[[ Extracted material open ]]

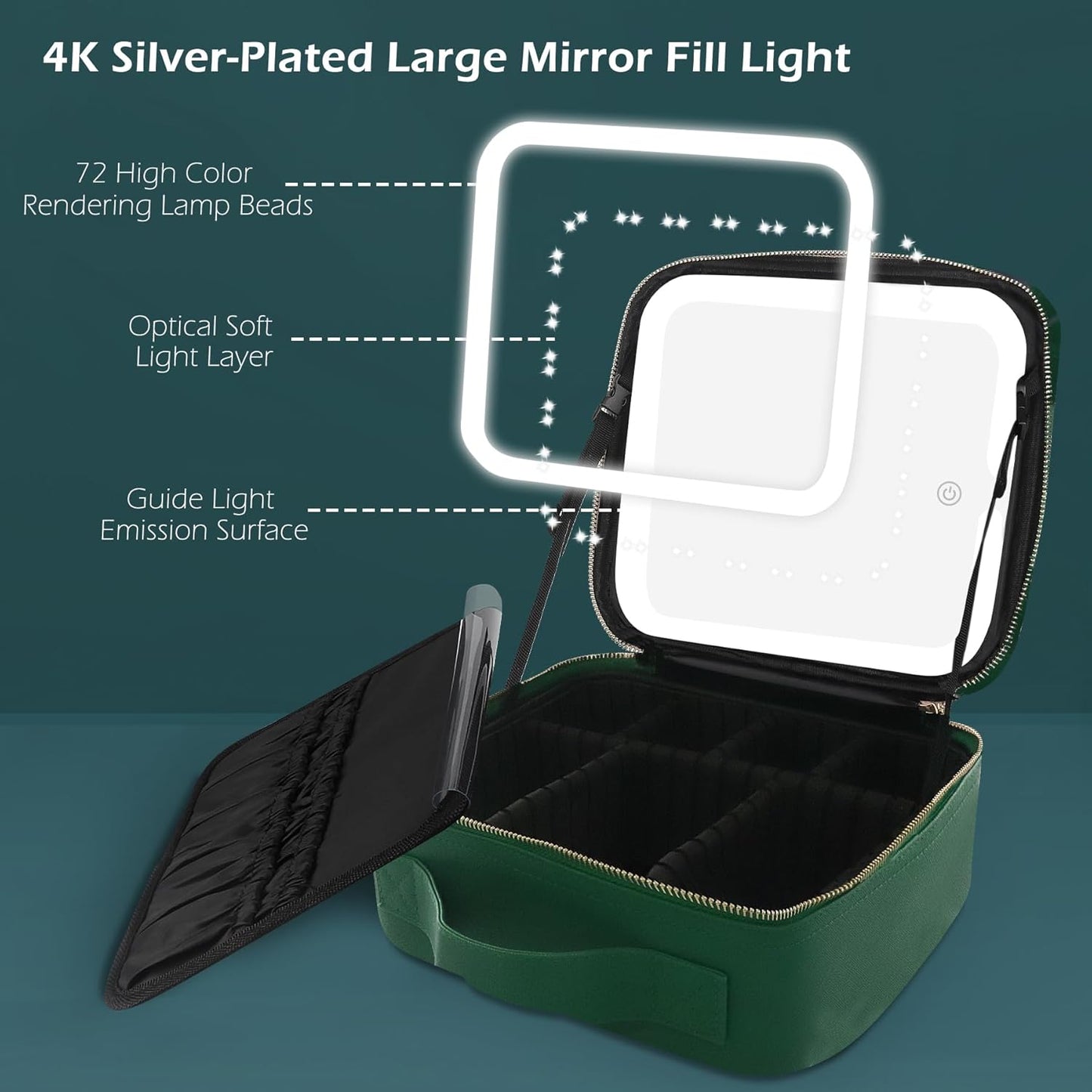 MOMIRA Travel Makeup Bag Cosmetic Bag Makeup Organizer Bag with Lighted Mirror, Adjustable Brightness in 3 Color Scenarios, Waterproof Makeup Train Case, Gift for Women - Emerald Green
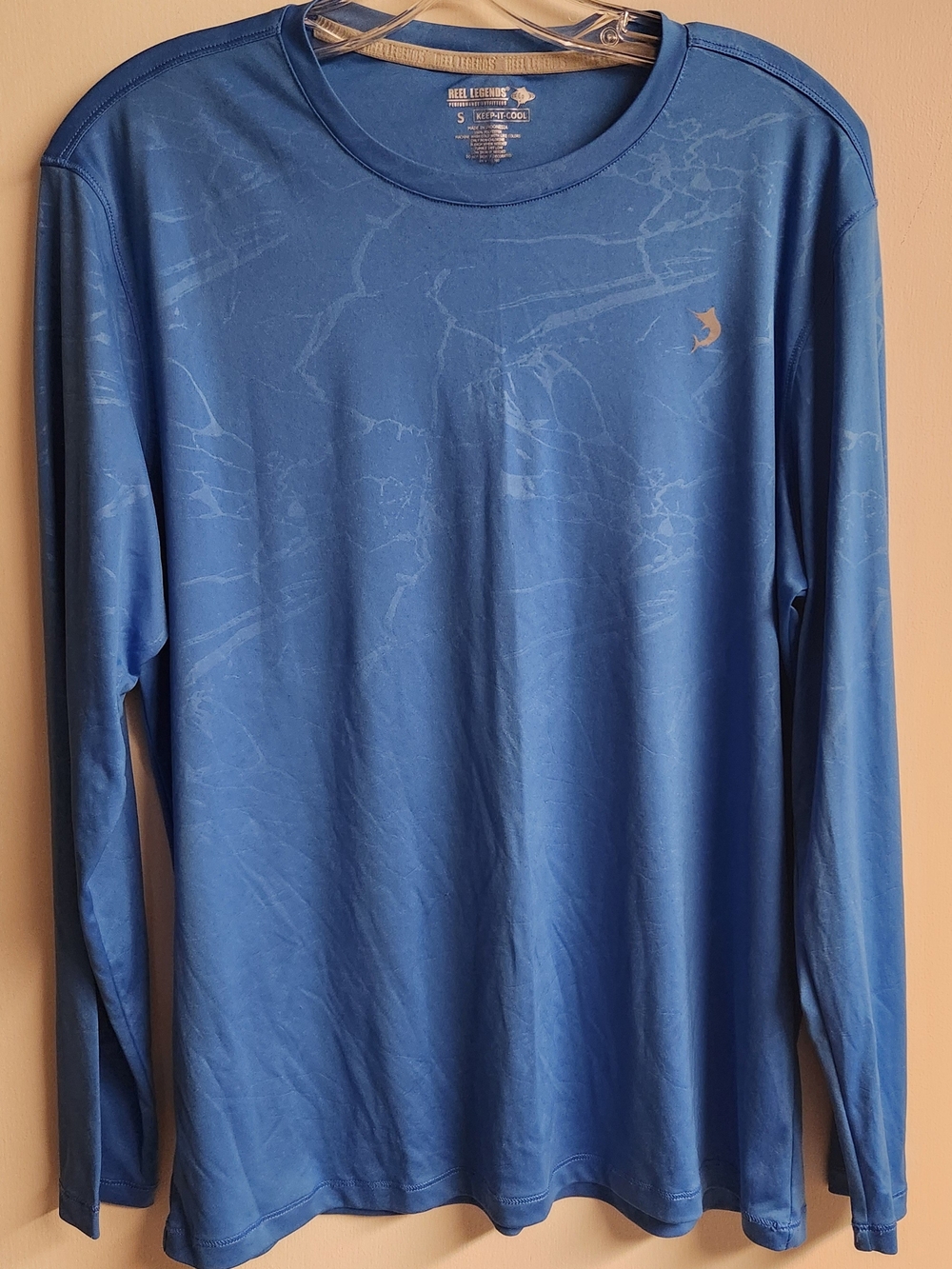 Reel Legends Long Sleeve Performance Tee in Ocean Blue with Subtle Marbling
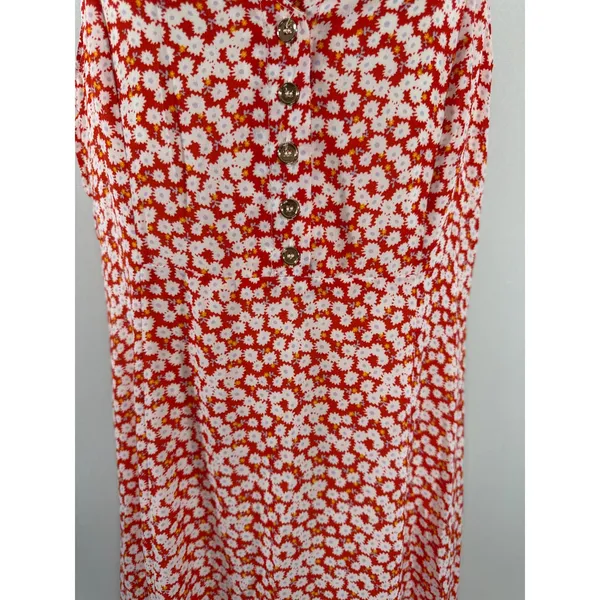 Lulus‎ Red Floral Daisy Ruffle Midi Dress Women Small Cottagecore Boho Romantic - Image 6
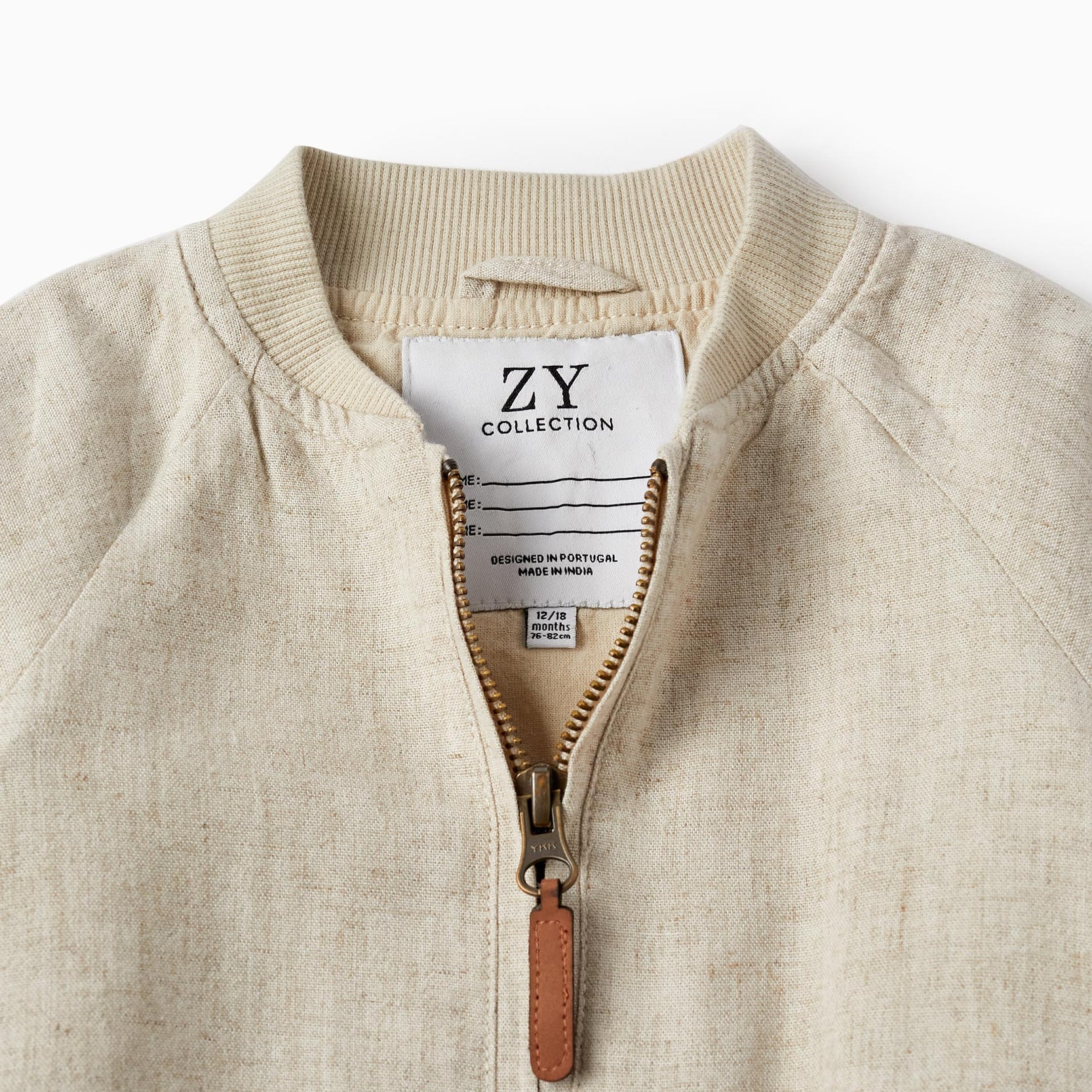 Bomber Jacket in Linen Blend for Baby Boys, Beige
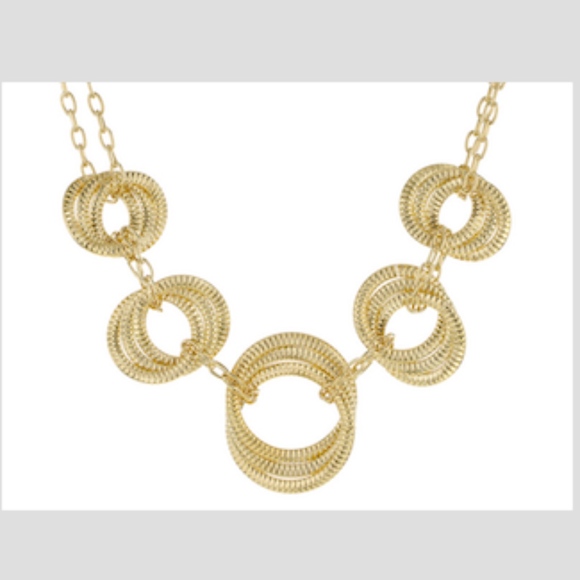 Beautiful bold Graduated Interlocking Circles Necklace Fine 18K/Bro - Picture 3 of 5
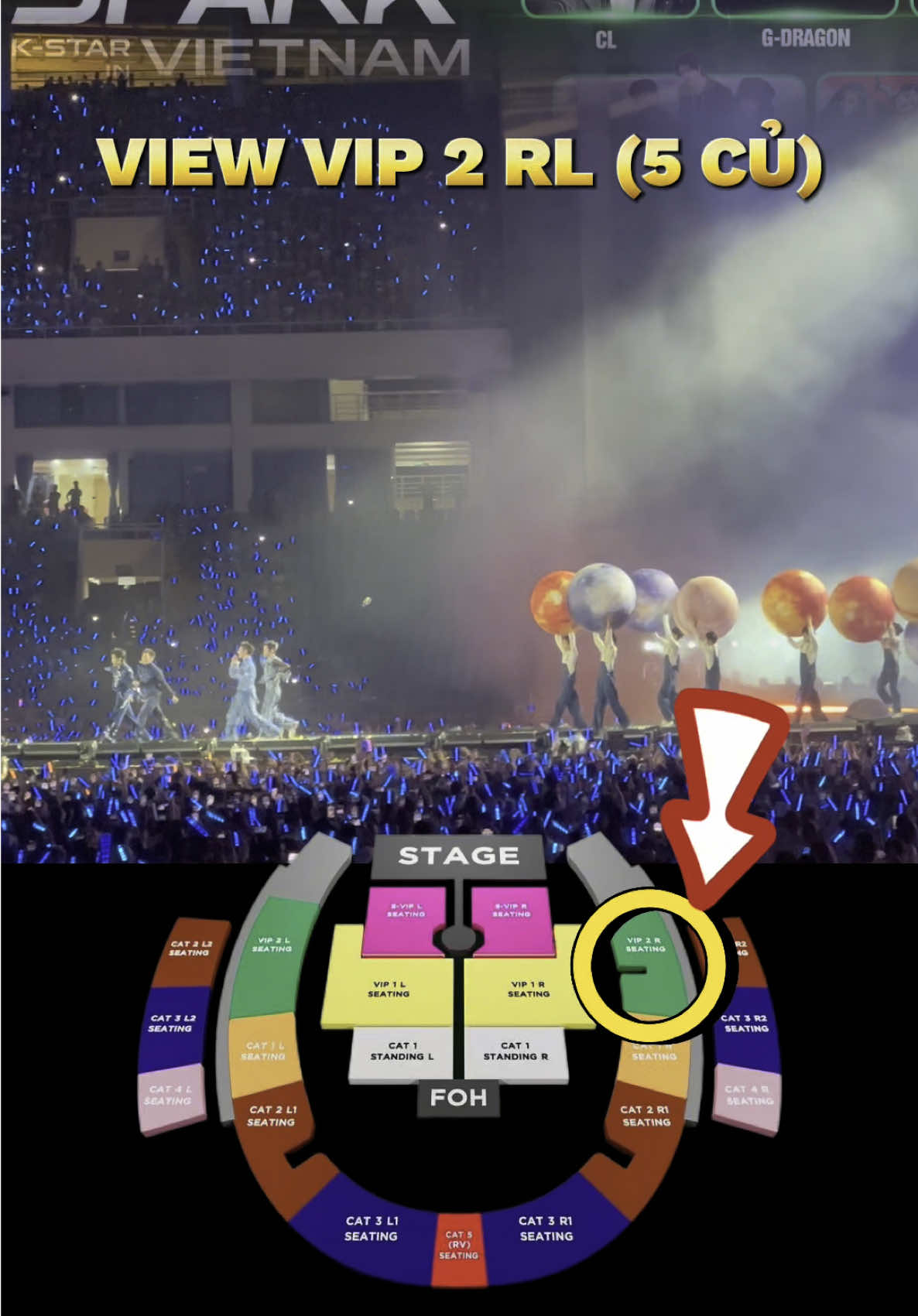 TEST VIEW VIP 2 đón anh Long về Việt Nam  #gdragon #VPBankKStarSpark #RavolutionAsia #RavoConcerts #MegaConcert #Anternation 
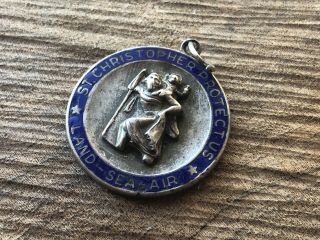 Vintage Blue Enamel Sterling Silver Saint Christopher Medal Pendant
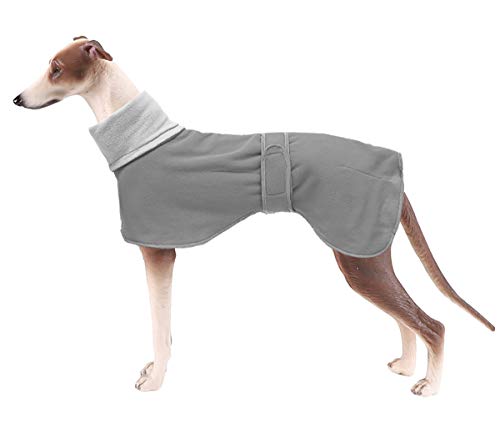 Morezi Winter Hundemantel mit reflektierender Leiste, weiches Polyester-Fleece, verstellbares Band, für Windhunde, Lurcher und Rennhunde-Grau-M von Morezi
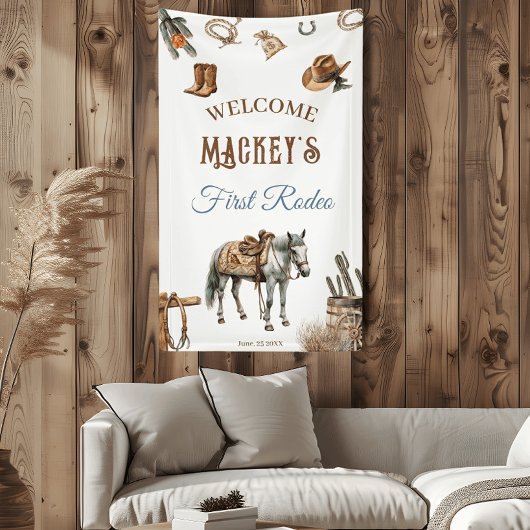 Wild West Cowboy eerste verjaardag Spandoek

[[ Extracted material closed ]]

▶ Work instructions:
Skipping any pictures, copy the entries exactly as they appear.

▶ Solved exercise:
 MOMIRA Travel Makeup Bag Cosmetic Bag Makeup Organizer Bag with Lighted Mirror, Adjustable Brightness in 3 Color Scenarios, Waterproof Makeup Train Case, Gift for Women - Emerald Green
 Reel Legends Long Sleeve Performance Tee in Ocean Blue with Subtle Marbling
 Lulus‎ Red Floral Daisy Ruffle Midi Dress Women Small Cottagecore Boho Romantic - Image 6
 Bomber Jacket in Linen Blend for Baby Boys, Beige
 Beautiful bold Graduated Interlocking Circles Necklace Fine 18K/Bro - Picture 3 of 5
 TEST VIEW VIP 2 đón anh Long về Việt Nam  #gdragon #VPBankKStarSpark #RavolutionAsia #RavoConcerts #MegaConcert #Anternation 
 Vintage Blue Enamel Sterling Silver Saint Christopher Medal Pendant
 Morezi Winter Hundemantel mit reflektierender Leiste, weiches Polyester-Fleece, verstellbares Band, für Windhunde, Lurcher und Rennhunde-Grau-M von Morezi
 Wild West Cowboy eerste verjaardag Spandoek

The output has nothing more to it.